▶ [Description of the task]
Reproduce the section of the listing that begins at the line containing "a coach in a" and finishes at the line containing "Hotel Rio De". Include both end lines and nothing beyond them.

▶ [Data records]
+ + + + + + +

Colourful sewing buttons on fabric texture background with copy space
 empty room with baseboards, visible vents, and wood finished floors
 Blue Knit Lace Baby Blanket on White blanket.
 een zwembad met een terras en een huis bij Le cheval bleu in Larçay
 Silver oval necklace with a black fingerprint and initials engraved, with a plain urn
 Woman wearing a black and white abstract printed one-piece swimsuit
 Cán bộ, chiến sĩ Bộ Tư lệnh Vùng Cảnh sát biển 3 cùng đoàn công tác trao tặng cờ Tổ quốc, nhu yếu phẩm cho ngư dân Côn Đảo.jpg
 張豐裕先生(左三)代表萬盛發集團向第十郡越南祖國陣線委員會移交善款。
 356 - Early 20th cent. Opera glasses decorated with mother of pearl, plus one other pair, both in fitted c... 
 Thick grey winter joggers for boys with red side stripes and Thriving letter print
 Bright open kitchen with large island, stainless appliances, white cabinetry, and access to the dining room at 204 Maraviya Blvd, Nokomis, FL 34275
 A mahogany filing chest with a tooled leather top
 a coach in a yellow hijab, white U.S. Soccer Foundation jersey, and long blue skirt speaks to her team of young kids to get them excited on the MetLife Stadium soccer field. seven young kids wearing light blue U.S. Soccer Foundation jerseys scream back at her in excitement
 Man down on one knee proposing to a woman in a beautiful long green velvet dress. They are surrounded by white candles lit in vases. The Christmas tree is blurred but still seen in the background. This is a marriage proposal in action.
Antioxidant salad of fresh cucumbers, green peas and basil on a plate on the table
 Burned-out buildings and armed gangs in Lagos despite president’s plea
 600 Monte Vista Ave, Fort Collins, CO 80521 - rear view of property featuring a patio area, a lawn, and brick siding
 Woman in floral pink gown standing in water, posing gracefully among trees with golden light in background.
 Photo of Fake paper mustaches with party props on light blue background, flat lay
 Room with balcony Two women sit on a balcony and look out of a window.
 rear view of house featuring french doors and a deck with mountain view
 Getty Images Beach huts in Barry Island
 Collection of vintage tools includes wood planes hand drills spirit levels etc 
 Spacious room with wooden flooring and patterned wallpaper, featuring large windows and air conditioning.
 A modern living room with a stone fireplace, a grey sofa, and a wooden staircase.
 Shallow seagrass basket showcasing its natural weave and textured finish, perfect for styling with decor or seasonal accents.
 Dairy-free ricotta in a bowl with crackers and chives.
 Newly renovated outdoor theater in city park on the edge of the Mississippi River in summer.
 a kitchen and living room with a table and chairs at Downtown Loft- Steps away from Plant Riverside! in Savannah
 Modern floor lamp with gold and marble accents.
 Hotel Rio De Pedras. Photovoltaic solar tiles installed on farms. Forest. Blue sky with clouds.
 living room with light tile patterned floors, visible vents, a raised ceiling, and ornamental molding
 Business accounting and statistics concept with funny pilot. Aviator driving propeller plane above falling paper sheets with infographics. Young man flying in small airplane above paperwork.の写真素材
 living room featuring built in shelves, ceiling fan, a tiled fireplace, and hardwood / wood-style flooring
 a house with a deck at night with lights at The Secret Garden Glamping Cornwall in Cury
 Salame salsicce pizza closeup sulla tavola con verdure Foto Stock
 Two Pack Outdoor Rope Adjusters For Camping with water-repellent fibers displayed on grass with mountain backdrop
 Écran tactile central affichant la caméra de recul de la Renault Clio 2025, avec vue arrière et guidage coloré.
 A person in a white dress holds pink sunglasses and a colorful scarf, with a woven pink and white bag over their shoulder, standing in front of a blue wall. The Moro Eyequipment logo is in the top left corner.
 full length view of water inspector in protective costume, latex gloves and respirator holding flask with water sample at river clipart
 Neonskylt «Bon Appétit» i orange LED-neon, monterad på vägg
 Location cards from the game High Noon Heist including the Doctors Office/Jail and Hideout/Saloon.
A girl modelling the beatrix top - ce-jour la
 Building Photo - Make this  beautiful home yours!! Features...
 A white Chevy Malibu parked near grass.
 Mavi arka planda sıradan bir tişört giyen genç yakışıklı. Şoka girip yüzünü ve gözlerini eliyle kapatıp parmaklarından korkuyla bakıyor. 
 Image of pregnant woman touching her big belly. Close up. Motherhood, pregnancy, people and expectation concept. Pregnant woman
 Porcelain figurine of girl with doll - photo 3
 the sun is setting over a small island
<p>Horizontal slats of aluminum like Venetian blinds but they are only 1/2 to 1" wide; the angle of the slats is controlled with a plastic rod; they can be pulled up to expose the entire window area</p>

+ + + + + + +

▶ [Exercise result]
 a coach in a yellow hijab, white U.S. Soccer Foundation jersey, and long blue skirt speaks to her team of young kids to get them excited on the MetLife Stadium soccer field. seven young kids wearing light blue U.S. Soccer Foundation jerseys scream back at her in excitement
 Man down on one knee proposing to a woman in a beautiful long green velvet dress. They are surrounded by white candles lit in vases. The Christmas tree is blurred but still seen in the background. This is a marriage proposal in action.
Antioxidant salad of fresh cucumbers, green peas and basil on a plate on the table
 Burned-out buildings and armed gangs in Lagos despite president’s plea
 600 Monte Vista Ave, Fort Collins, CO 80521 - rear view of property featuring a patio area, a lawn, and brick siding
 Woman in floral pink gown standing in water, posing gracefully among trees with golden light in background.
 Photo of Fake paper mustaches with party props on light blue background, flat lay
 Room with balcony Two women sit on a balcony and look out of a window.
 rear view of house featuring french doors and a deck with mountain view
 Getty Images Beach huts in Barry Island
 Collection of vintage tools includes wood planes hand drills spirit levels etc 
 Spacious room with wooden flooring and patterned wallpaper, featuring large windows and air conditioning.
 A modern living room with a stone fireplace, a grey sofa, and a wooden staircase.
 Shallow seagrass basket showcasing its natural weave and textured finish, perfect for styling with decor or seasonal accents.
 Dairy-free ricotta in a bowl with crackers and chives.
 Newly renovated outdoor theater in city park on the edge of the Mississippi River in summer.
 a kitchen and living room with a table and chairs at Downtown Loft- Steps away from Plant Riverside! in Savannah
 Modern floor lamp with gold and marble accents.
 Hotel Rio De Pedras. Photovoltaic solar tiles installed on farms. Forest. Blue sky with clouds.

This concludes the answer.